Coyotes are intelligent animals, and though they have learned to live and hunt within our neighborhoods, they are still afraid of us – they consider us trouble. On a recent trip to Colorado I was hiking down a trail and saw what appeared to be two sets of pointed ears in the grass. My guess was coyote but was not sure – so I began to walk towards them. Three coyotes immediately got up and moved off across the next ridge. They wanted nothing to do with me. And that is how it should be.
Those on barrier islands, like Santa Rosa, are no different. They are more active at dawn and dusk (crepuscular) and spend their days and late nights in a den somewhere. Occasionally people will see them in the middle of the day, or hear a yelp or howl around 2:00 AM, but it is more of a sunrise and sunset deal for them. They can remain motionless and undetected when people are around and will often run if we get too close. Many are not sure whether they are seeing a coyote or a German shepherd when they see one, both being about the same size. Coyotes tend to run with their tails down, unlike dogs and wolves who prefer to run with their tails up.
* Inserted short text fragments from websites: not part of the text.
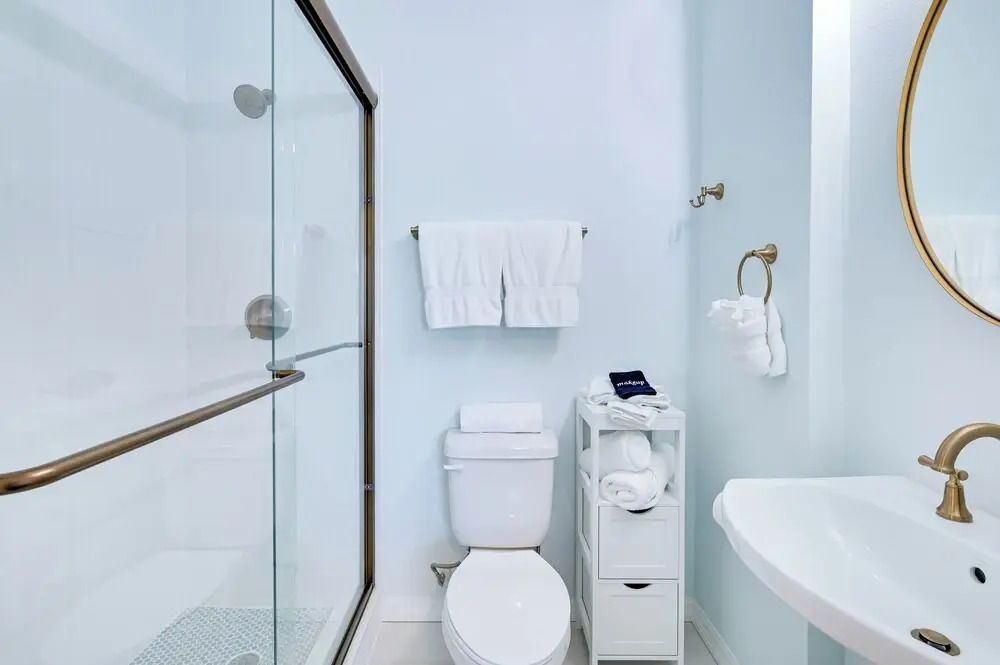 Walk to Beach! Waterfront Hudson Townhome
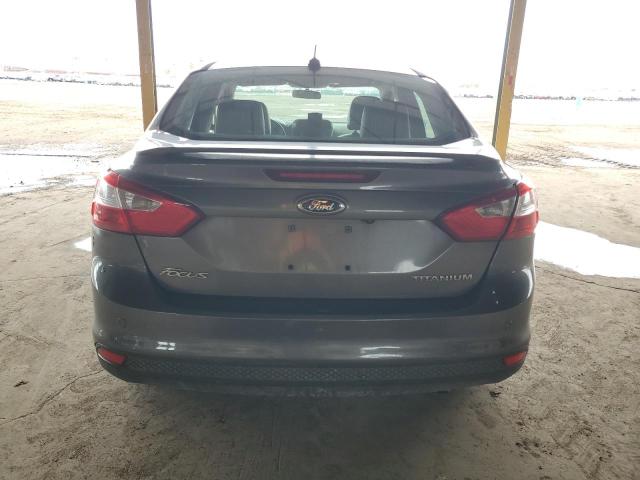 Sedans FORD FOCUS 2014 Szary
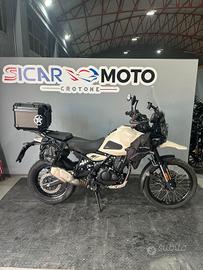 Royal Enfield Himalayan 450 super accessoriata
All of this said, there have been attacks on people – mostly out west and in southern California in particular. In most cases, the animals have either intentionally or unintentionally been fed by people. When this happens, they lose their fear of us and return for another easy meal. They are wild animals and being cornered by people or dogs (intentionally or unintentionally) can lead to defensive behaviors that could include attacks. To avoid this, we should not approach any coyote. Keep your trash secured and in cans that would be difficult for coyotes to access. Bring your pet food in at night and do not let pet cats and small dogs out in the evenings without supervision.
Bad encounters with these howling animals are rare, and with a little education and behavior changes on our part, should remain so.